About this task: Could you return the data that follows exactly, minus the images?

Stored data:
>>>>

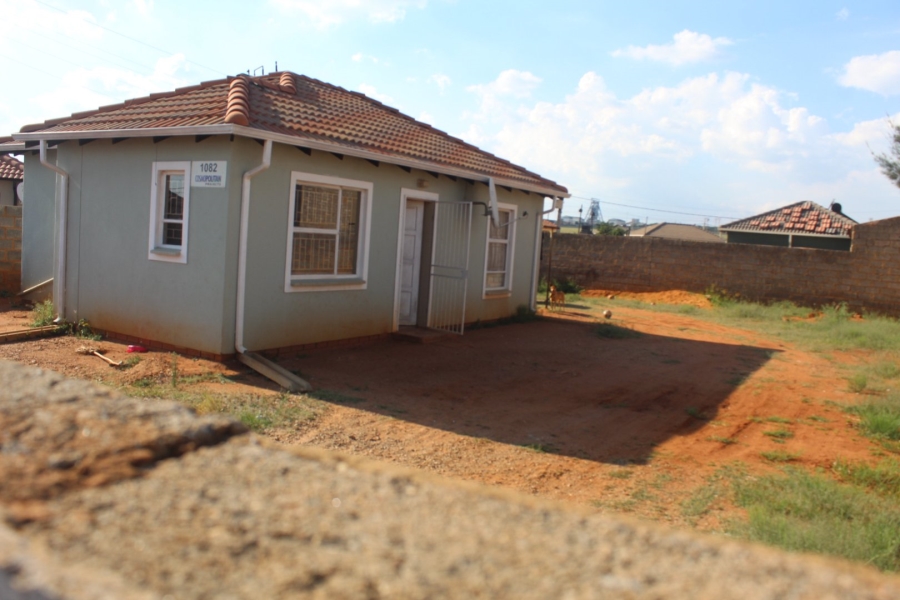 2 Bedroom Property for Sale in Lufhereng Gauteng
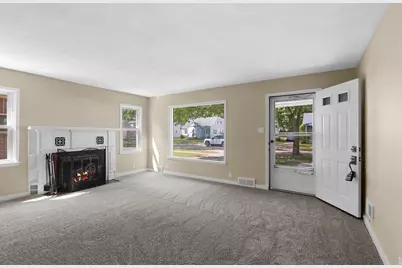 1139 14th Avenue, Green Bay, WI 54304 - Photo 6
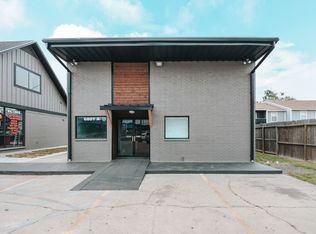 6801 N Navarro Retail Center - A, Victoria, TX 77904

<<<<

Task solution:
 2 Bedroom Property for Sale in Lufhereng Gauteng
 1139 14th Avenue, Green Bay, WI 54304 - Photo 6
 6801 N Navarro Retail Center - A, Victoria, TX 77904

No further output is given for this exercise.